To calculate the momentum of the stone just before it lands, we need to determine its velocity at that moment. We can use the principles of conservation of energy to find the velocity.
The potential energy of the stone at the initial height of 2m is given by: Potential Energy = m * g * h
where: m = mass of the stone = 2 kg g = acceleration due to gravity = 9.8 m/s^2 h = height = 2 m
Potential Energy = 2 kg * 9.8 m/s^2 * 2 m = 39.2 J
Since potential energy is converted to kinetic energy as the stone falls, we can equate the two:
Potential Energy = Kinetic Energy m * g * h = (1/2) * m * v^2
where v is the velocity of the stone just before it lands.
Simplifying the equation:
2 kg * 9.8 m/s^2 * 2 m = (1/2) * 2 kg * v^2 78.4 J = v^2
Taking the square root of both sides:
v = √(78.4 J) ≈ 8.85 m/s
The momentum of an object is given by the product of its mass and velocity:
Momentum = mass * velocity Momentum = 2 kg * 8.85 m/s = 17.7 kg·m/s
Therefore, the momentum of the stone just before it lands is 17.7 kg·m/s.

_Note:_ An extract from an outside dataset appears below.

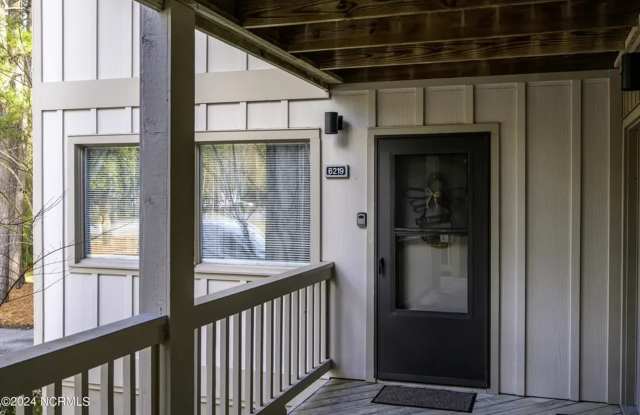 **Light-Filled Condo with Designer Finishes ✨ | Screened Porch Gallery 3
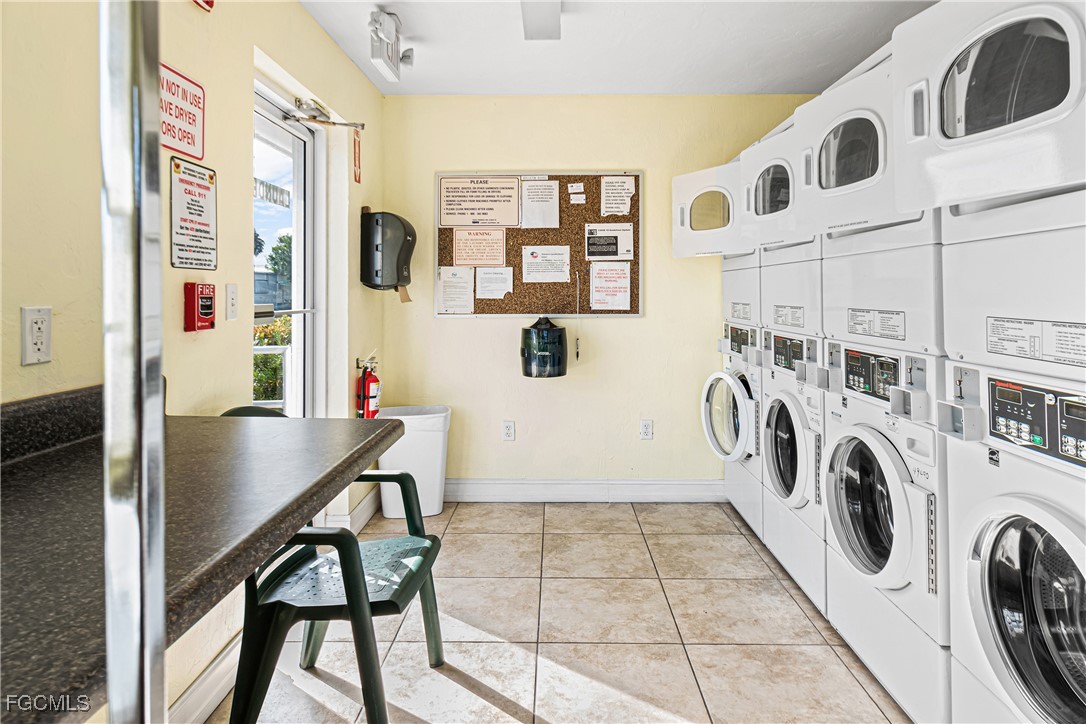 1 Bed ManufacturedHome for Sale in Estero, photo 37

To calculate the impulse of the stone, we can use the relationship between impulse and momentum:
Impulse = Change in momentum
Since the stone starts from rest, its initial momentum is zero. The change in momentum is then equal to the final momentum:
Impulse = Final Momentum = 17.7 kg·m/s
Therefore, the impulse of the stone is 17.7 kg·m/s.